• _Supplied records_
-- -- --

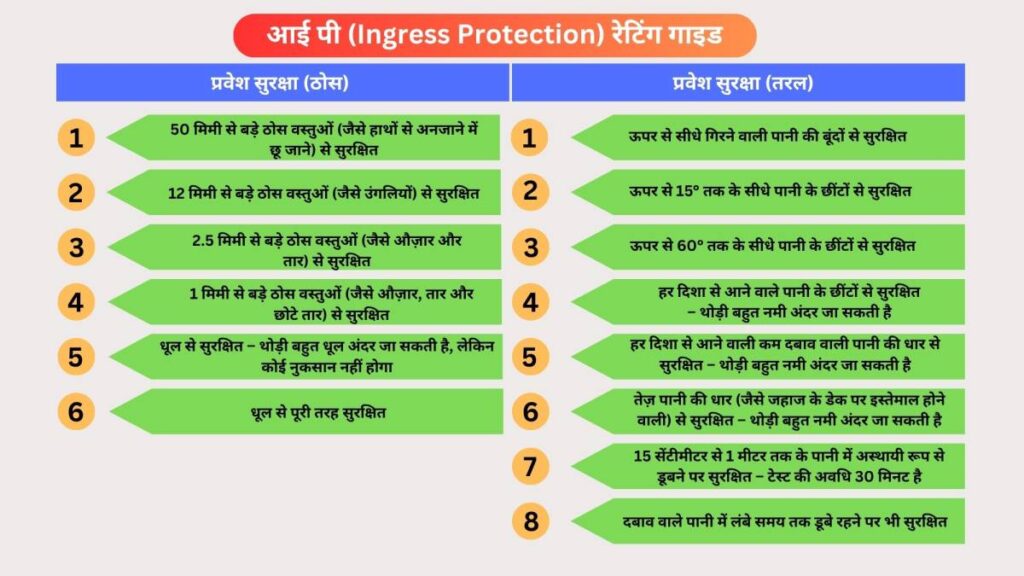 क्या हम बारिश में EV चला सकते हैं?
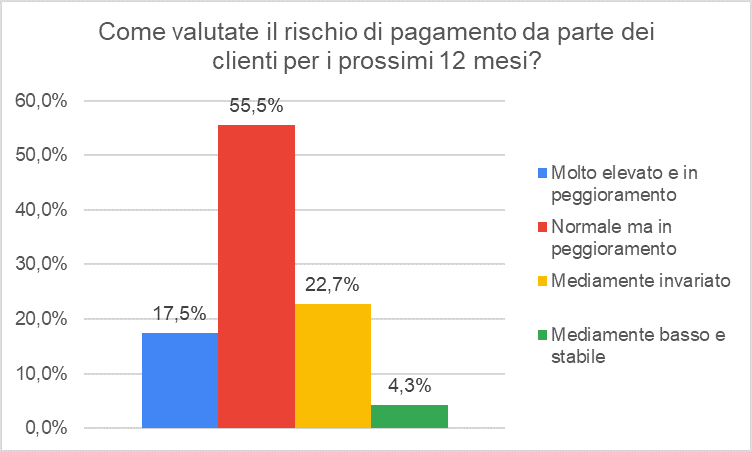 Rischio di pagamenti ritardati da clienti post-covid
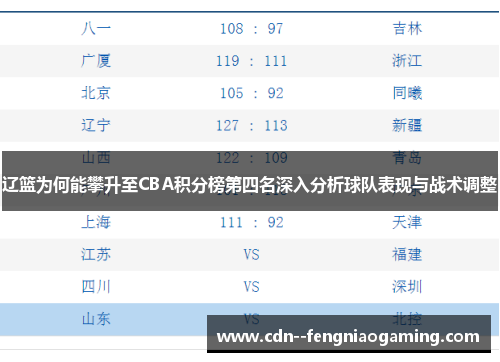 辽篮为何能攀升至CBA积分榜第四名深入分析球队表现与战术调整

-- -- --

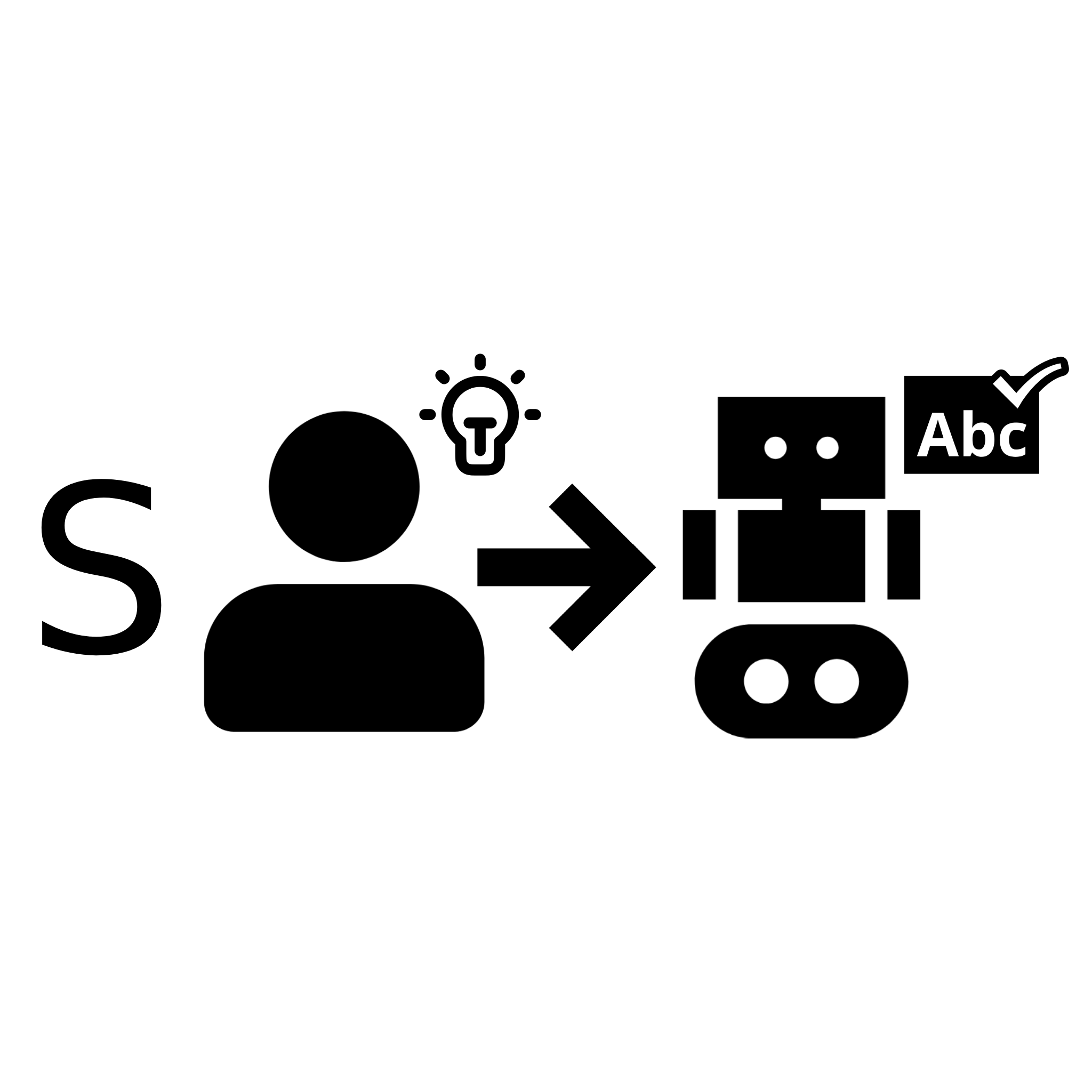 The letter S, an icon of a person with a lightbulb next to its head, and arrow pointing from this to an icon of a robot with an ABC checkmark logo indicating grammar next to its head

-- -- --

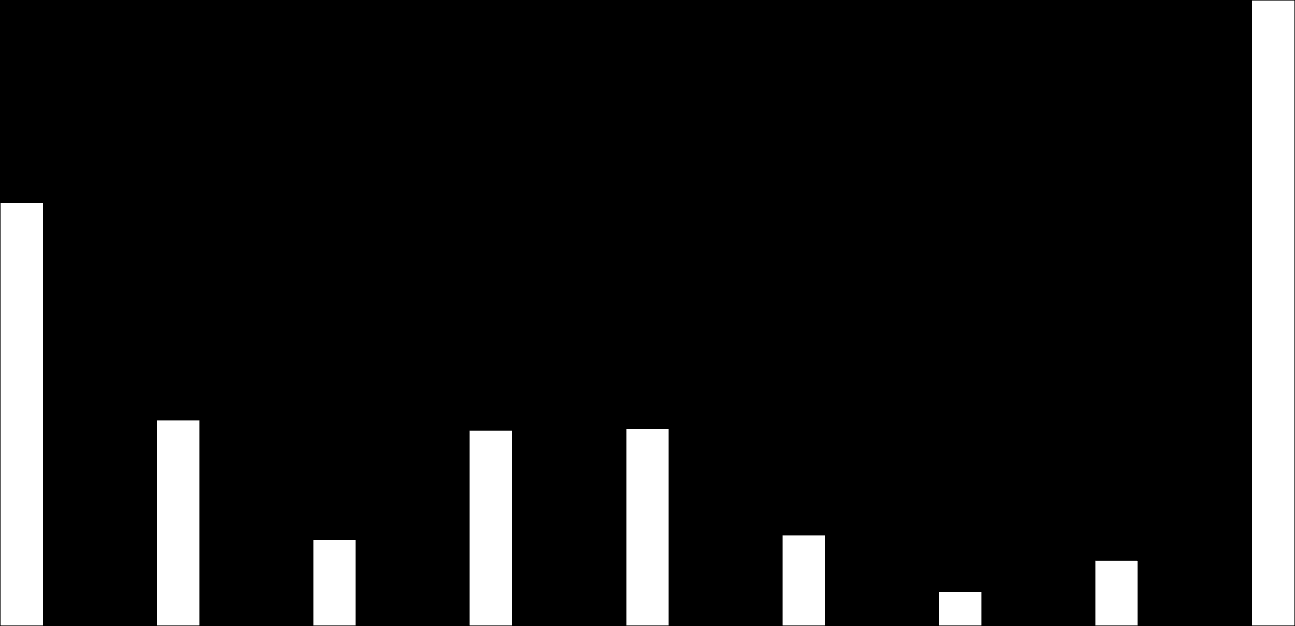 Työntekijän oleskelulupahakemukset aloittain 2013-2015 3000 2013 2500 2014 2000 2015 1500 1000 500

-- -- --

• _What to do_
From the material above, give again exactly the lines from the one that contains "Rischio di pagamenti" through the one that contains "辽篮为何能攀升至CBA积分榜第四名深入分析球队表现与战术调整", and leave out the pictures.

• _Answer section_
 Rischio di pagamenti ritardati da clienti post-covid
 辽篮为何能攀升至CBA积分榜第四名深入分析球队表现与战术调整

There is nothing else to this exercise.